Alpha Female Posted September 14, 2009 Posted September 14, 2009 I had been chatting with a guy online for two weeks. Never exchanged photos, as I didn't want to appear shallow. Guy shows up and he has a large port wine stain all over most of his face. I couldn't concentrate on anything he had to say, because I was entirely grossed out by how he looked, and was kind of mad he never mentioned the disfigurement in advance. Would you be upset if someone pulled this on you? Do you think people should disclose handicaps or physical deformities like this? Or, would you consider it something that didn't need to be addressed in advance and I really am very shallow?
Author Alpha Female Posted September 14, 2009 Author Posted September 14, 2009 I guess. But this wasnt a small pimple. Were talking about like three fourths of his face covered in this deep purple skin. It looked like an open wound. I was so distracted and turned off I didnt know what to do. I guess it was shallow but you wouldnt be upset if someone showed up disfigured on a blind date? Now I know why he didnt want to send a picture.
D-Lish Posted September 14, 2009 Posted September 14, 2009 Why didn't you exchange photo's? I'd never meet someone without exchanging photos.
Author Alpha Female Posted September 14, 2009 Author Posted September 14, 2009 Why didn't you exchange photo's? I'd never meet someone without exchanging photos. Because he didnt want to.

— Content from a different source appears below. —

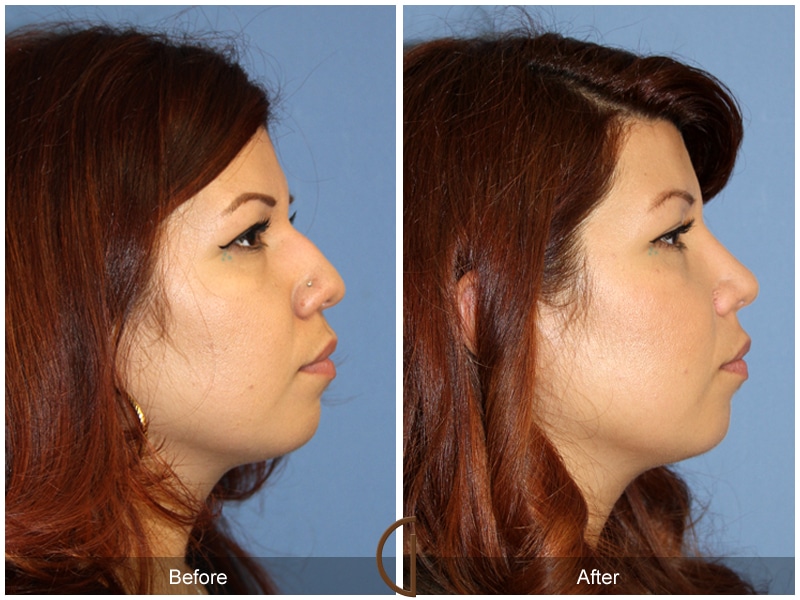 Rhinoplasty Nose Surgery Cypress CA 117 Image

He said only shallow people need photos and assured me I wouldnt be bummed out. I didnt want to seem shallow though I guess I am! ha. I liked him well enough but now I know why he didnt want to send me one. He had something to hide. His face.
carhill Posted September 14, 2009 Posted September 14, 2009 No worries OP. You don't like what you don't like. Own it. As long as you're honest, I think it's fine. It's not like he isn't used to being judged like that. I was judged for many years for my early baldness. That's just the way it is. Life goes on
Author Alpha Female Posted September 14, 2009 Author Posted September 14, 2009 No worries OP. You don't like what you don't like. Own it. As long as you're honest, I think it's fine. It's not like he isn't used to being judged like that. I was judged for many years for my early baldness. That's just the way it is. Life goes on I like bald men though. They said premature balding is a sign of increase virility. Ah I feel badly about it. I liked him and all. Just didnt expect that. Was a shock. But I will own it.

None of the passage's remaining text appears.